It's good to see (read) that you have a really great relationship to your children that is such open, and I wished that there would be more parents like you who openly and honestly handle these - admittedly tough - subjects as you did (and still do).

In my opinion, you managed to handle these situations quite properly (maybe except for the father-daughter-sex issue, as you wrote), and if I had children to stay abroad, I would've have been choosing you (and your family)!

From what I was reading from your blog the last couple of days - and I admit that I'm becoming addicted to it simply because of your nice way of writing -, I'd say that you both are really good parents. And, looking at the pictures you published of your daughters and comparing them to you (particularly to the photo of yourself when you were younger), I can tell that your daughters like almost exactly like you (that's meant as a compliment).

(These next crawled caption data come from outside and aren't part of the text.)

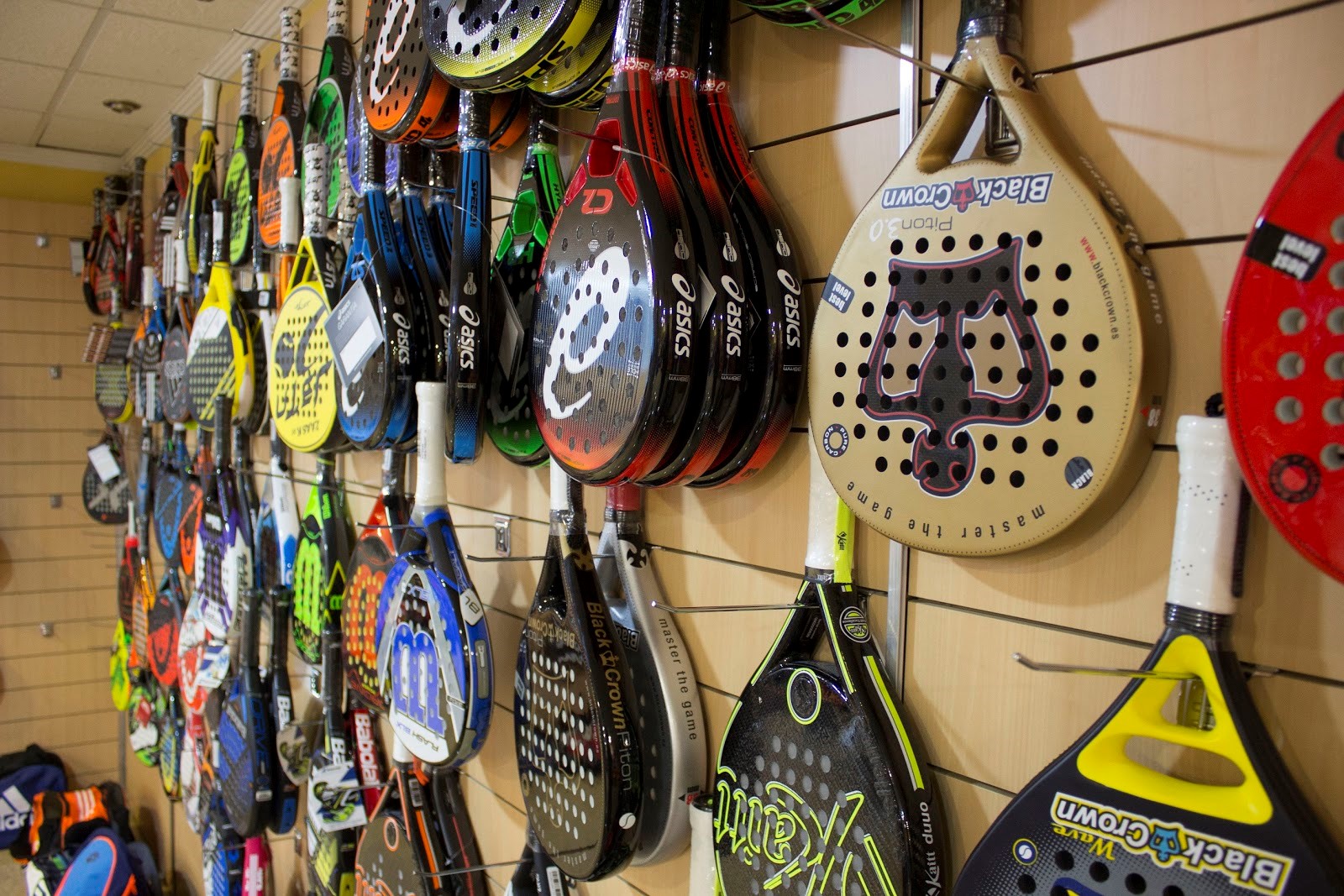 Las mejores rebajas en palas de pádel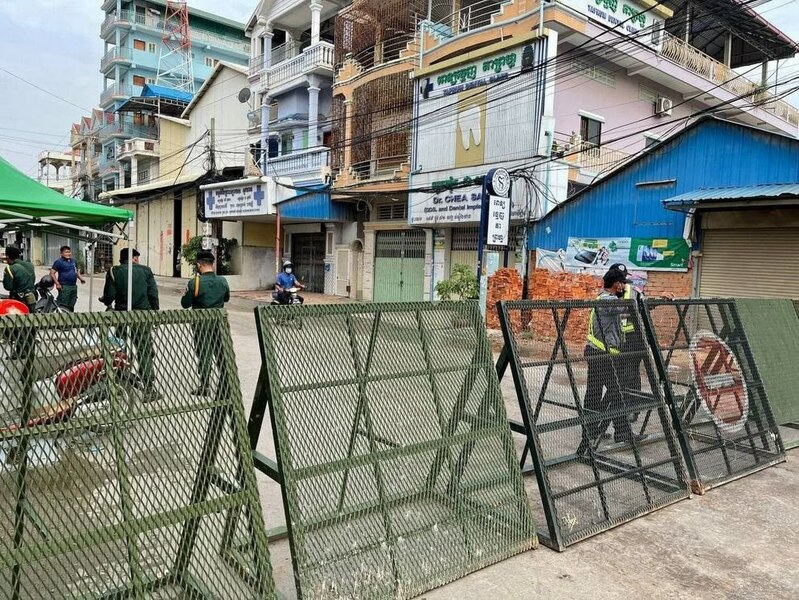 델타 변이 프놈펜 폐쇄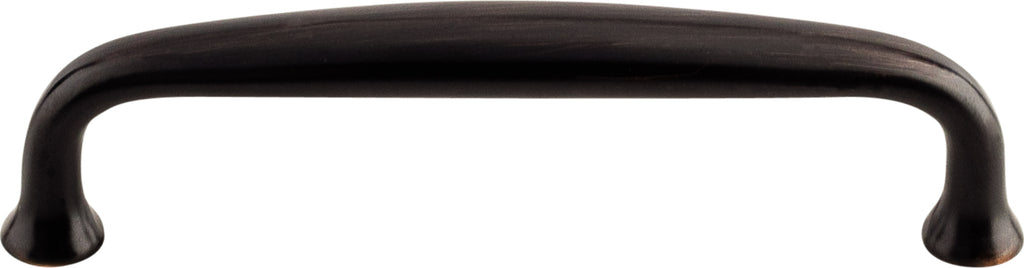 Top Knobs Charlotte Series 4"(101mm) CC Pull, Tuscan Bronze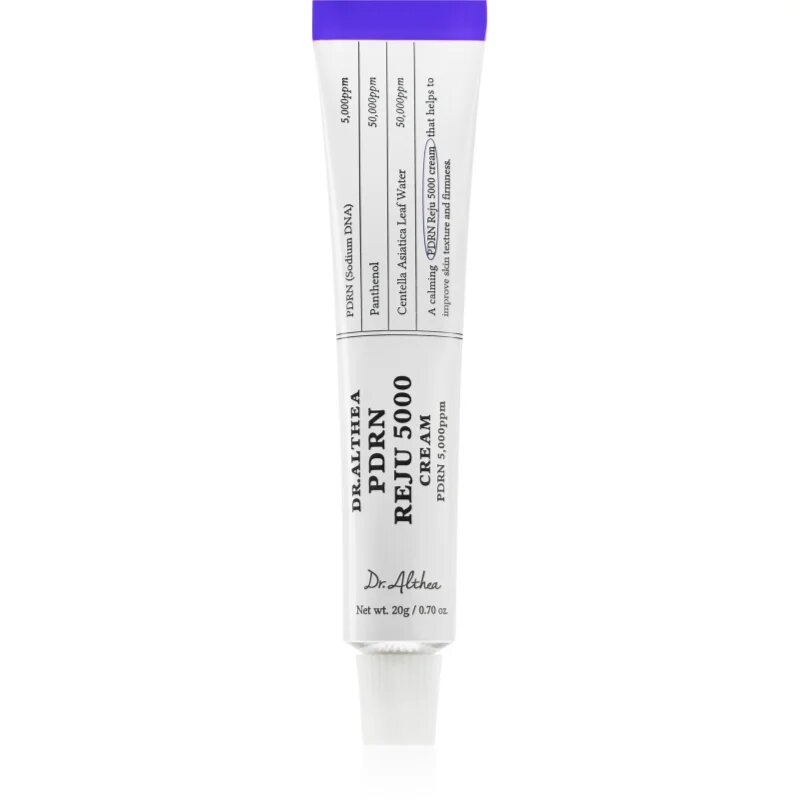 Dr. Althea PDRN Reju 5000 Cream cremă regeneratoare ușoară cu efect calmant 20 g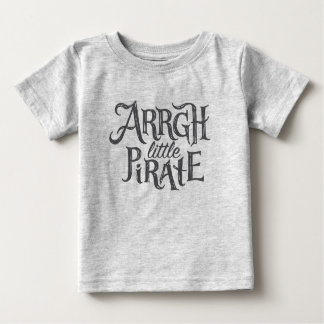Argh Little Pirate -ベビーTシャツ ベビーTシャツ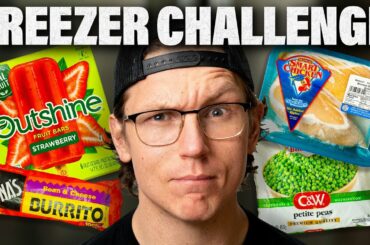 Can Josh Make a Gourmet Meal Out of These Mystery Ingredients?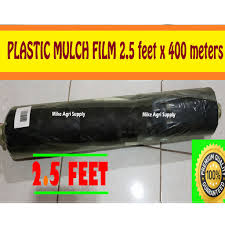 1 meter = 3.2808399 feet. Plastic Mulch Film 2 5 Feet X 400 Meters 0 75 Meters Width 1 Roll Shopee Philippines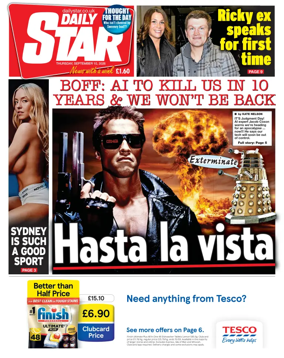 Cover of Daily Star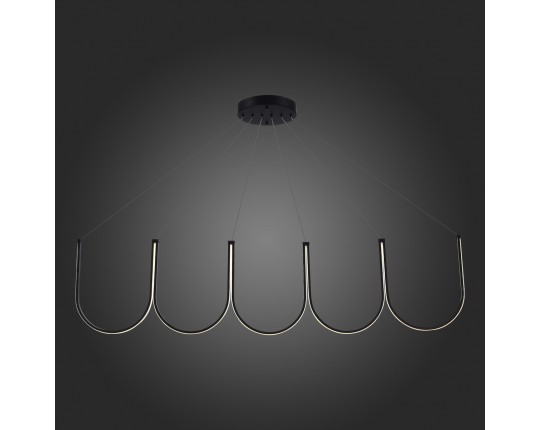 SL6202.413.01 Светильник подвесной ST-Luce Черный LED 1*68W 3000K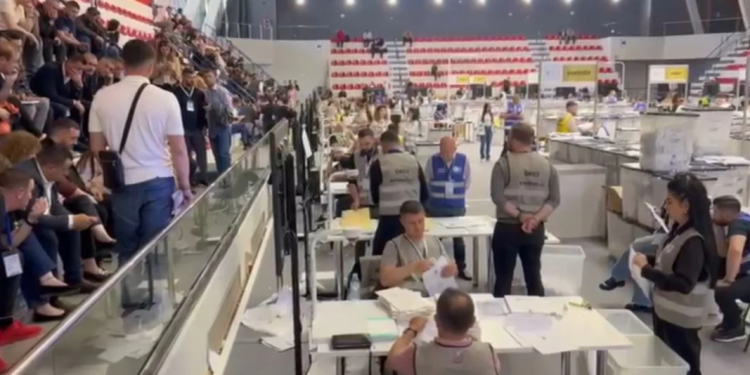 Votat e diasporës nga Greqia, qarqet ku ka përfunduar procesi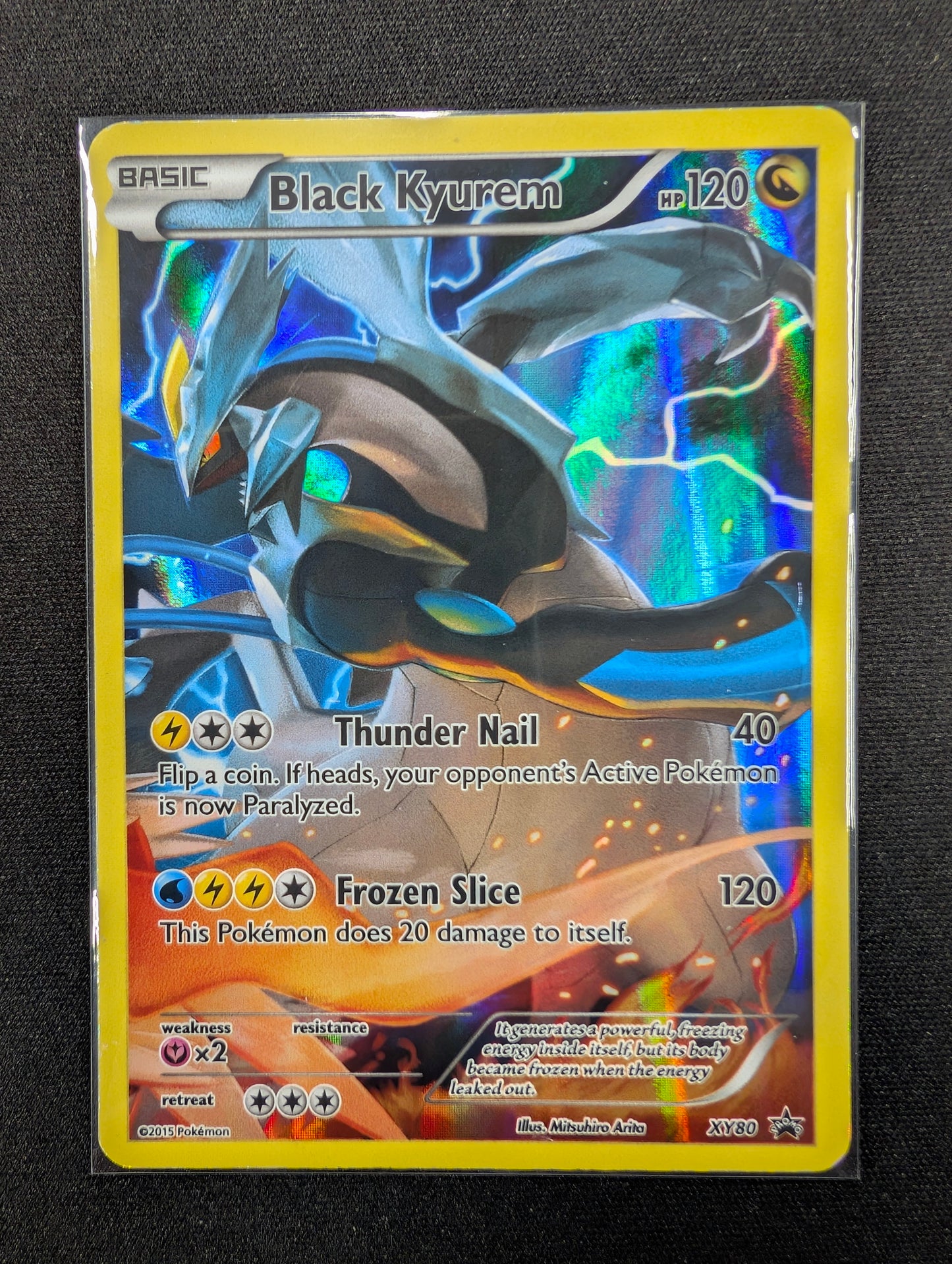 Black Kyurem XY80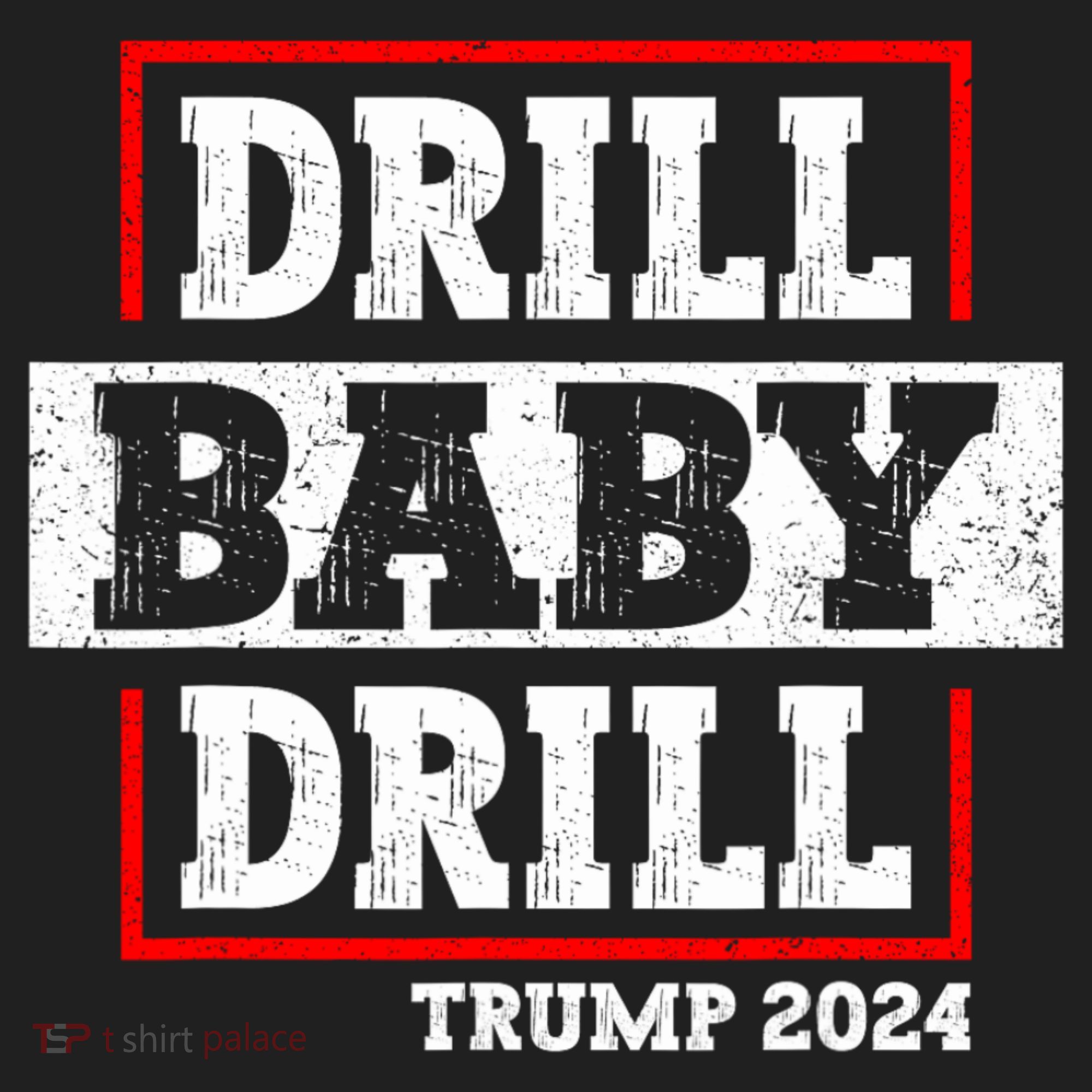 Trump 2024 Drill Baby Drill Zone Performance Long-Sleeve T-Shirt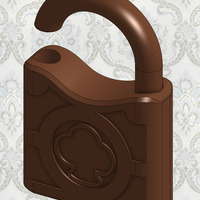Old Padlock Replica - Thumbnail 2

So, keep writing and I promise that I'll be reading it, though I'm generally quite poor when it comes down to posting comments...

Finally, good luck for you as far as looking for a new job is concerned, and yes, "Apfelkuchen" would be appreciated...

Bek said...

We don't have any kids yet, but those are some very tough questions which we will have to face one day, too. I would have agreed with all of your answers a few years ago, but since living here, I must have become more conservative.

sandy said...
This comment has been removed by the author.
sandy said...

"... your daughters like almost exactly like you"
should have been, of course,
"your daughters look almost exactly like you"
[damn typos...]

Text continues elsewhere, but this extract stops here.